The aim of the present paper is to present the result of the case-study of the policy-making on the implementation of the unemployment insurance scheme in Estonia. The case-study gives a preliminary ground for future research in the field of the uses of social statistics and indicators in the social policy decision-making process. The results of the case study with some limitations could be interesting also for analysis of policy-making in the spheres of education, science and other internal policies.
During the research work I tried to check to which extend the “ideal” model (combines the stages of policy cycle, roles of indicators and policy actors) works in the Estonian context of policy-making and tried to formulate the main peculiarities of the implementation of social indicators in the decision-making process. For that purpose it is important I observed, what indicators are mostly used, what the bases for decision-making are, who are the main actors of decision-making process and what are their main argumentations in the negotiations on social-political issue.
Methods of Research
The case-study research was carried out in spring 2004. As the main method of the research I used interviewing, additionally I referred to context analysis of the articles in newspapers and verbatim records of the Riigikogu sessions. The reasons for selecting of the qualitative semi-structured interview method of data collection is that it allows to follow an interview schedule, and at the same time, to react on the emerging issues during the interview (which corresponds to the peculiarities of the topic mentioned above). The interview questions involved different spheres of political science, statistics and public administration. I tried to ensure that all possible policy cycle actors were present (interest groups, public officials from the Ministry of Social Affairs or other public sector organizations, total 7 respondents).
In the analysis, I made a difference between four categories of information: background information, behaviour/experience, knowledge and opinion/value (Patton 1990:291-293).
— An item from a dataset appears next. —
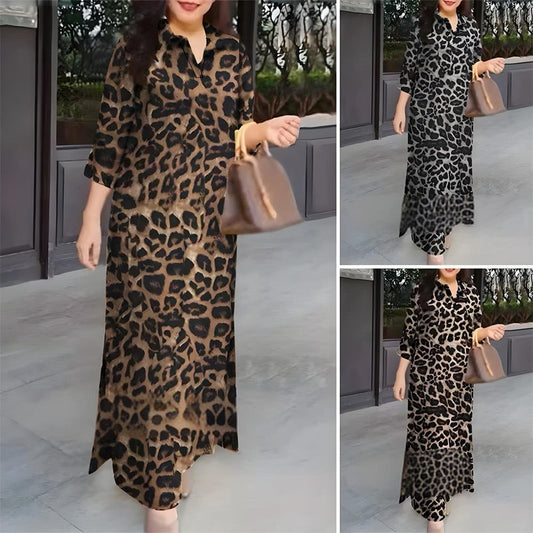 Women's Casual Fashion Leopard Print Dress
Additionally I classified the information into six categories, which corresponded to the six stages of the policy-making. For each stage of the policy-making I determined the time-period, the most important event or decision taken, the main actors, their positions in the negotiations and argumentations they used, including statistical data and social indicators.
Uses of Social Indicators in Policy-making Process: Theoretical Background
Social indicators are part of social statistics, “which, however, differ from normal statistics by several characteristics: they should refer to individual welfare and not to bureaucratic activities; they should inform about change, i.e., they should be presented as time series; they should be formulated within a theoretical context” (Zapf 2002:6). Very often statistical units of social indicators are “individuals and households, aggregated into groups” (Vogel 1994).
In order to understand the possible usage of social indicators, we should keep in mind that almost all measurements (especially subjective, qualitative indicators) are “proxies – indirect measures of true conditions we would like to judge” (Cobb 2000: 5). Cobb compares social indicators, which aim to measure the quality of life or welfare, with the Plato’s cave metaphor, when a person can see only the shadows on the back of the cave, and never can get direct access to the truth.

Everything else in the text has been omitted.